Much Ado About Nothing in Java

Occasionally something in Java pops up that I thought I knew about, but it turns out I didn’t appreciate all the subtle details.

This was recently the case for null.

Before I started using Java, the main programming language I used was C.  This was great for things like operating systems and device drivers because it uses explicit pointers.  References to data are through a numerical address that can be manipulated if required.  This was probably (for me at least) the hardest thing to master, especially when you try to figure out things like this:

char *(*foo)(char *);

Eventually, you learn the order of precedence for pointers and understand that, in this case, foo is a pointer to a function that takes a pointer to a char as a parameter and returns a pointer to a char.

Explicit pointers provide an exact reference to an address in memory (albeit often mapped from a virtual address space to a physical memory location by the memory management unit).  It is sometimes desirable to set the value of a pointer in C to something that indicates it is not a valid memory address.  Unfortunately, an address of zero can be quite valid, so the C standard provides an implementation-dependent pre-processor macro, NULL, which is a null pointer constant.  As a developer, we don’t concern ourselves with what the value is, just that it indicates a pointer to nothing.

Using simple arithmetic on an explicit pointer is often useful for accessing data by calculating its position as an offset to the pointer.  The drawback is that you need to be sure your calculations are correct.  It’s all too easy to make a mistake and end up with a pointer that attempts to use an invalid address when dereferenced.  To avoid this problem, Java takes a different approach to references and uses implicit pointers.  When you instantiate an object, e.g.:

Properties p = new Properties();

The value of p will be a reference to an instantiated instance of the Properties class.  We have no way, however, of determining the actual address of this object.  Trying to manipulate a reference as if it was an address is not valid Java syntax and will fail to compile. (There is no way to get the address of a variable as we can do in C with the & operator.)
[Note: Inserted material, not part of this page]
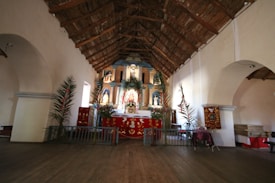 A wooden-roofed interior with an altar adorned with red and gold fabric. There are religious statues and symbols, with greenery such as palm branches adding to the decoration. The setting appears to be a simple but reverent space, with arched doorways and benches along the sides.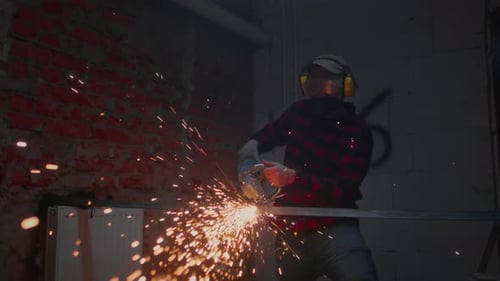 Man Industrial Worker or Construction Worker Cuts Metal with a Angle Grinder Manufacturing Plant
Whenever we dereference p, for example, by calling p.propertyNames(), the JVM handles the details of locating the instance p in the heap and calling the appropriate method on it.  This is one of the reasons why the JVM can relocate objects in the heap to reduce fragmentation during garbage collection. 

We may well have a situation where the scope we want for our variable prevents us from initialising it at the point where it is declared. Since we have no object to assign a reference to, we need some way to indicate this to the compiler.
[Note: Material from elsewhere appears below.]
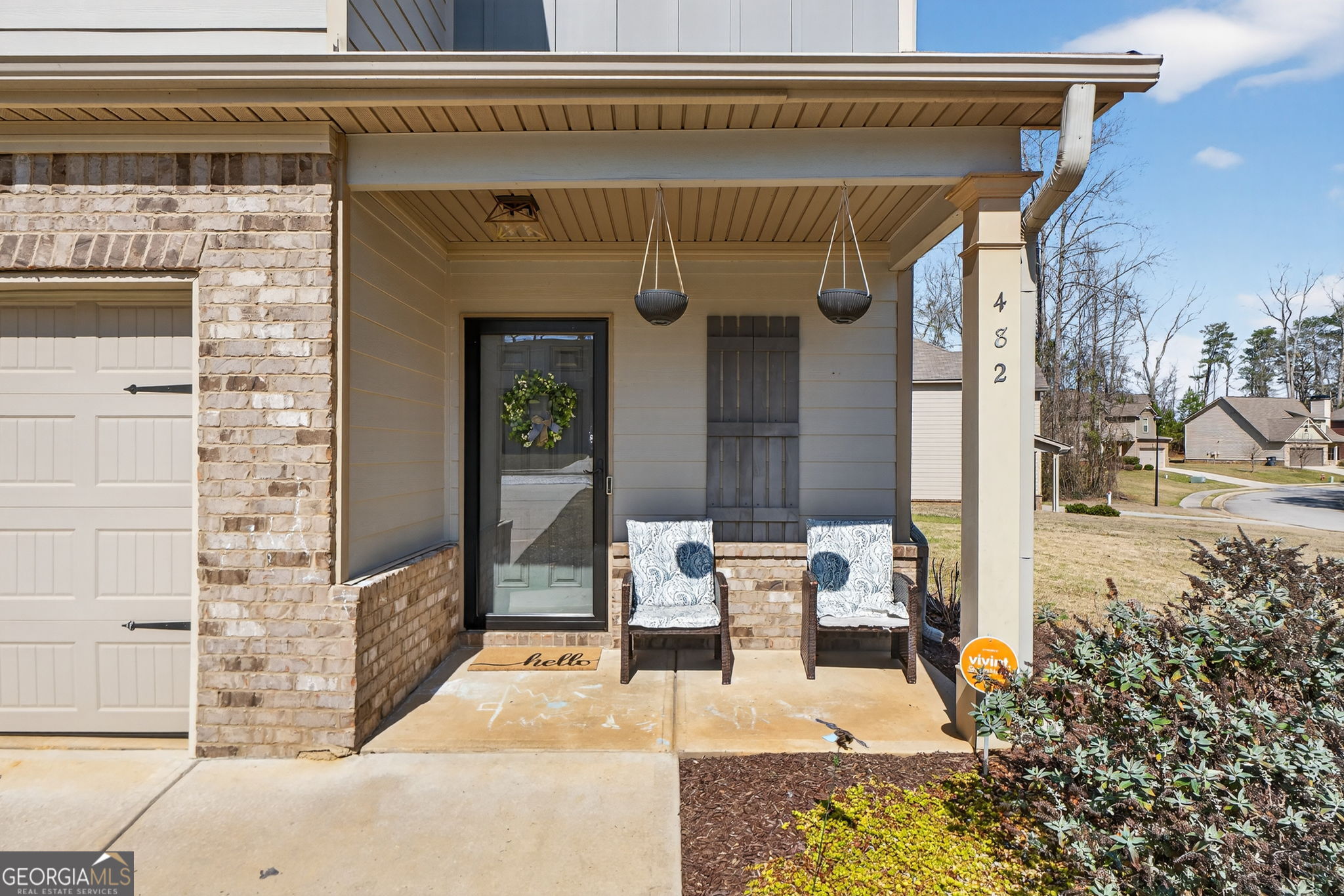 482 Louise Way Locust Grove, GA 30248 - Photo 3 of 29 a front view of a house with outdoor seating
We can do this by setting the value to be null, either implicitly or explicitly:

String t;             // Implicit, instance variable

String s = null;      // Explicit, local variable

At this point, I’m sure you’re thinking, “Hmmm. This is all Java 101... so, what’s the big deal?”
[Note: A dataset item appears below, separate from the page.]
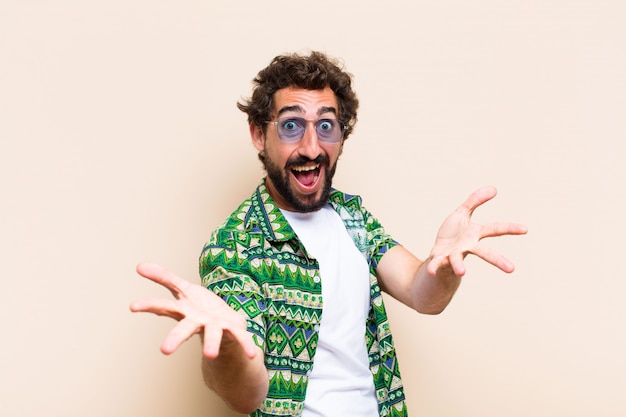 Young cool bearded man welcoming gesture
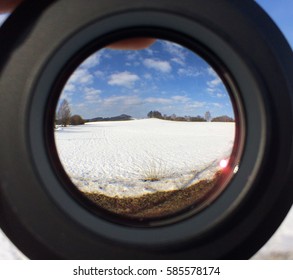 Snowed Meadow Seen Through A Camera Lens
To which, the related question is, “What is the type of null?”

In the examples above, this is easy to answer: it’s String.  Great, but is it really?  Let’s look at an example from JDK 10, when local variable type inference was introduced:

var x = “Hello, World!”;

By replacing an explicit type with var, we are now leaving it to the compiler to infer the correct type of x.  Here, it’s straightforward, as we’ve assigned a String literal, so the type can only be String.

What about this, though:

var y = null;

This code will not compile, resulting in the messages “error: cannot infer type for local variable y” and “variable initializer is ‘null’”.  You could be forgiven for thinking (as I did initially) that the compiler could infer a type here.  In Java, we know that all classes ultimately inherit from Object

As a small aside here, Object does not extend itself (which seems obvious).  The Java Language Specification (JLS section 8.1.4) makes this clear:

The extends clause must not appear in the definition of the class Object, or a compile-time error occurs, because it is the primordial class and has no direct superclass.

Logically, then, the compiler could infer that y is of type Object, assign a value of null to it, and everything would work as expected.  So, why doesn’t it?

This is where the nuances of null become important!

Referring to the JLS again, we find section 3.10.7, which defines the null literal:

The null type has one value, the null reference, represented by the null literal null, which is formed from ASCII characters.

It also states:

A null literal is always of the null type.”

Section 4.1, “The Kinds of Types and Values”, provides clarification of what the null type is:

There is also a special null type, the type of the expression null, which has no name.

Because the null type has no name, it is impossible to declare a variable of the null type or to cast to the null type.

The null reference is the only possible value of an expression of null type.

The null reference can always be assigned or cast to any reference type.

There are two facts in this definition that explain the compiler error. 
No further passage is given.